KONDRACKE: I think another un— I think another under appreciated factor is organization, actually. You know, she had the Democratic organizations of Manchester and Nashua working hard for her. And those people, the activists up there, were telling Hillary's staffers, listen, these polls aren't right and this is not what we are finding.

Now, there is — it is also said that the Bradley effect was involved here, the tendency where white voters will lie to a pollster about the fact that they are not going to vote for a black. I don't think that was involved here because the exit polls turned out to be right. And if you lie to a pollster before the election you will after the election and they didn't.

Down, New York City mayor Michael Bloomberg. Despite vehement denials he is not entering the presidential race, it was revealed this week he is undertaking a serious effort to gauge national support for a potential run.

In May, Bloomberg seemed annoyed by the whole question, saying, quote, "I'm not running for president. And I'm not planning to. What else do you need? I've said it a thousand names."

And just on New Year's Eve, Ryan Seacrest on ABC, asked him, point blank, quote, "Will you run for president"? And Bloomberg said, quote, "No, I will not run for president."

BARNES: Now, we can move on to the next issue, then.

KONDRACKE: I think that sounds Shermanesque to me and what it turns out to be is a tease that Bloomberg is engaged in here. He denies it and yet all of the evidence suggests — and has been widely reported, and aides of his have said that he is going to check out at the end of the — if the two sides nominate polarizing candidates he — and he thinks he can win, he'll get in. I don't know why he just doesn't say that and avoid a credibility gap, if he does run.

BARNES: Look, we wouldn't be talk about him if he weren't a billionaire who could finance a presidential campaign. And if we weren't a Billionaire he wouldn't be mayor of New York and there is no rationale I think will emerge at all for a Bloomberg candidacy and he won't run. He'll live up to his word after teasing.

Up: President Bush. He who took heat when he announced the troop surge to Iraq a year ago but he stuck to his guns and the security situation on the ground has improved dramatically in Iraq.

KONDRACKE: Right, sectarian violence down, U.S. casualties down, al Qaeda on the ropes, the Shiites getting better — under control and even political progress at the provincial level. And Bush bet his presidency on the Iraq war and looked like he was going to lose. Now it looks like he might win and you know what? The United States of America might win.

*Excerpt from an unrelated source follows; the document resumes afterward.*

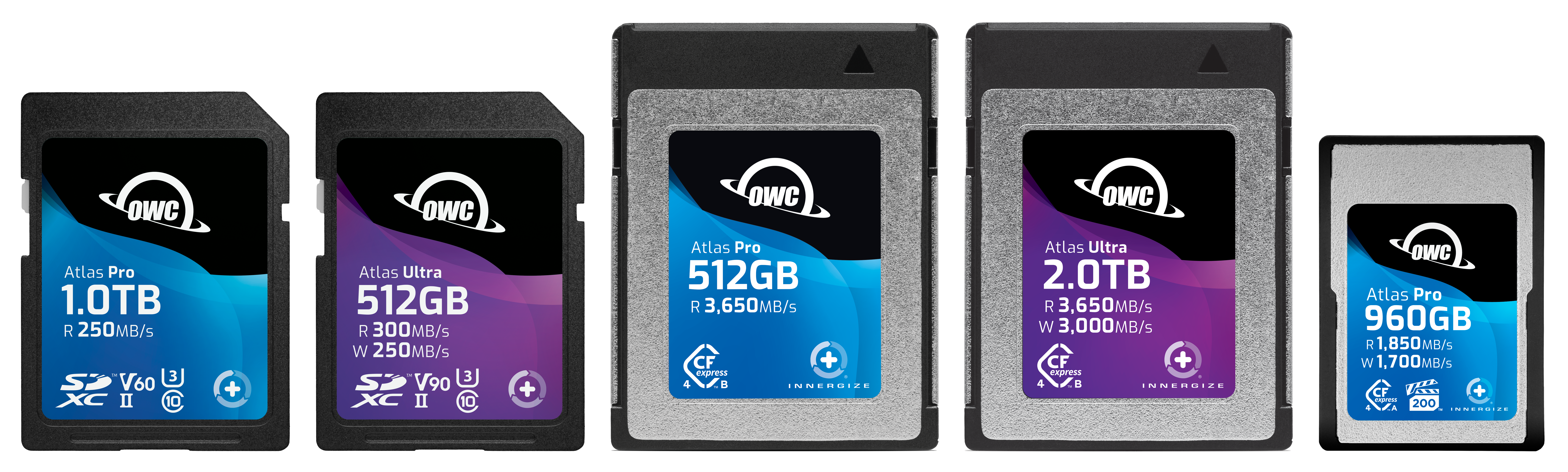 OWC Atlas Pro CFexpress 4.0 Type A Memory Cards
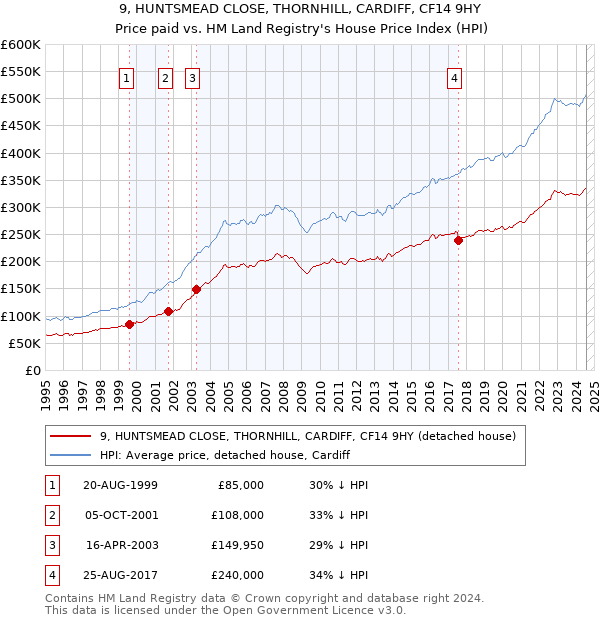 9, HUNTSMEAD CLOSE, THORNHILL, CARDIFF, CF14 9HY: Price paid vs HM Land Registry's House Price Index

BARNES: Nicely put, Mort. Good for you. You know, I want to recall a minute everybody who lined up against him and said we have to get out of Iraq right away or do it gracefully over time. You had Congress and Democrats and a lot of Republicans and elements of his own administration in the State Department and the Joint Chiefs of Staff were not excited about the idea. The press of course didn't like it, and I can go on, the foreign policy establishment. He was brave in making the decision and it paid off.

KONDRACKE: Don't move a muscle. "The Buzz" is coming up next.


BARNES: Welcome back. Well, Mort, what's "The Buzz"?

KONDRACKE: President Bush in Saudi Arabia on Monday and has three basic messages, one pump more oil to avoid a world recession and bring down the price and, secondly, spend your oil money in Iraq and help the country out and, thirdly, despite the national intelligence estimate on nuclear — Iran nuclear program we are still trying to get them to stop enriching.

BARNES: Mort, in the presidential campaign there is a surge effect. The surge has worked so well and obviously lifted the McCain campaign off the floor and will continue to help, because he was an early supporter of it. He promoted it even before the presidential decision.

Democrats may be committed to defeat but Independents aren't. And Democrats better watch out. It may hurt them in the fall.